- [PROBLEM]: Shown below is a listing with pictures; reproduce exactly, and only, the lines between the ones containing "Photo of Spicy" and "An embroidered eye", inclusive, leaving the pictures out.

- [RECORD EXTRACTS]:
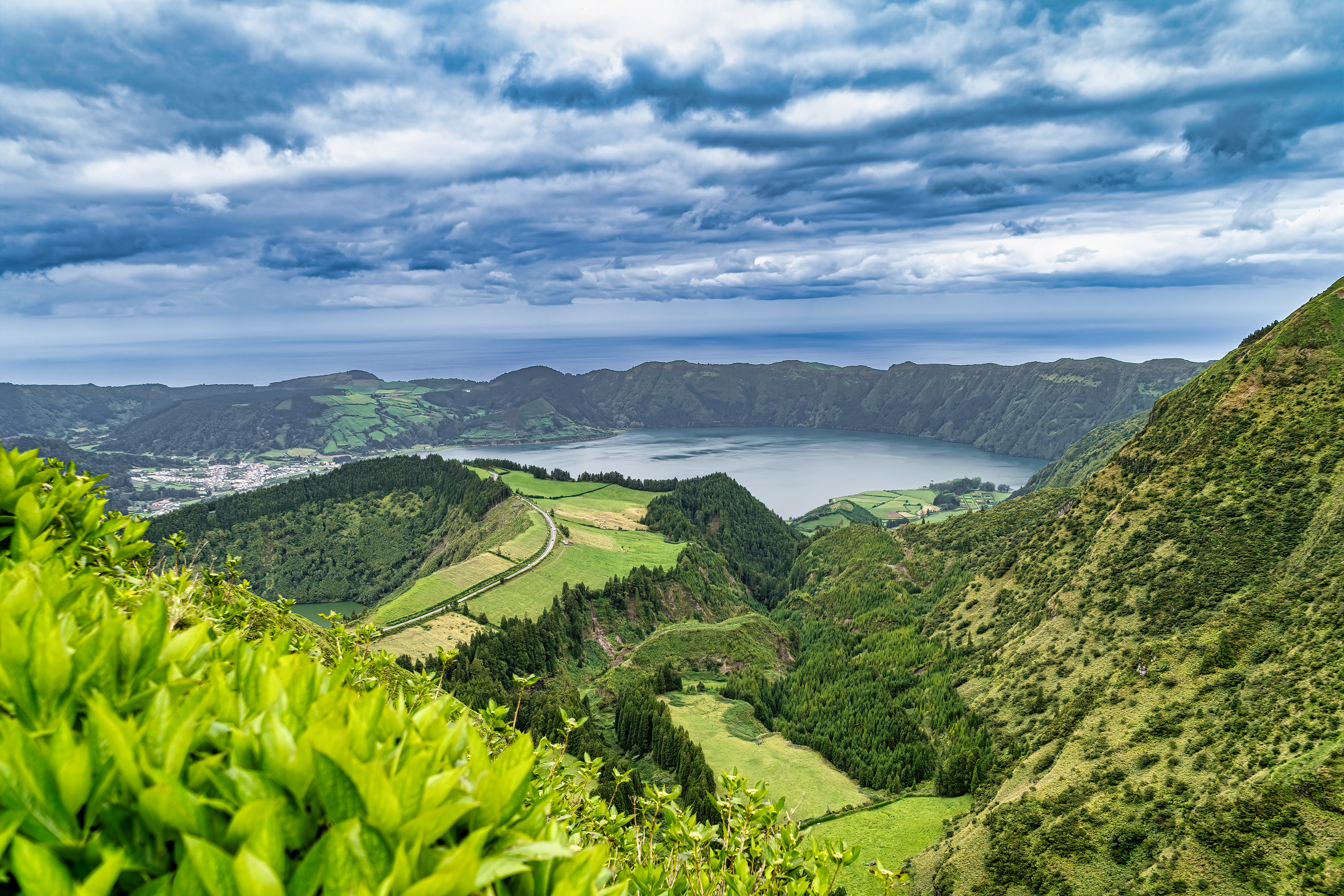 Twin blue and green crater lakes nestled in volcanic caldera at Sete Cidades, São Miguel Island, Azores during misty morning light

* * *

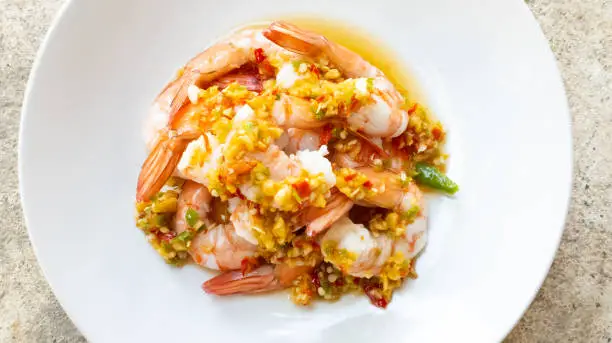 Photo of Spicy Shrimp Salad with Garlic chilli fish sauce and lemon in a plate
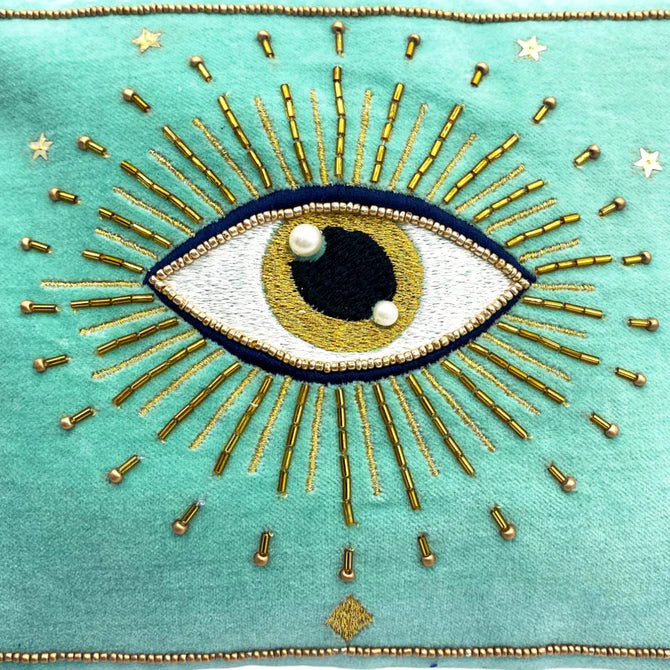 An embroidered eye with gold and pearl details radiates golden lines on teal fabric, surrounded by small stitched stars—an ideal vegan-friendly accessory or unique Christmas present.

* * *

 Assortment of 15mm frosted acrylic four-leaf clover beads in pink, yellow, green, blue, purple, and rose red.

- [TASK OUTPUT]:
 Photo of Spicy Shrimp Salad with Garlic chilli fish sauce and lemon in a plate
 An embroidered eye with gold and pearl details radiates golden lines on teal fabric, surrounded by small stitched stars—an ideal vegan-friendly accessory or unique Christmas present.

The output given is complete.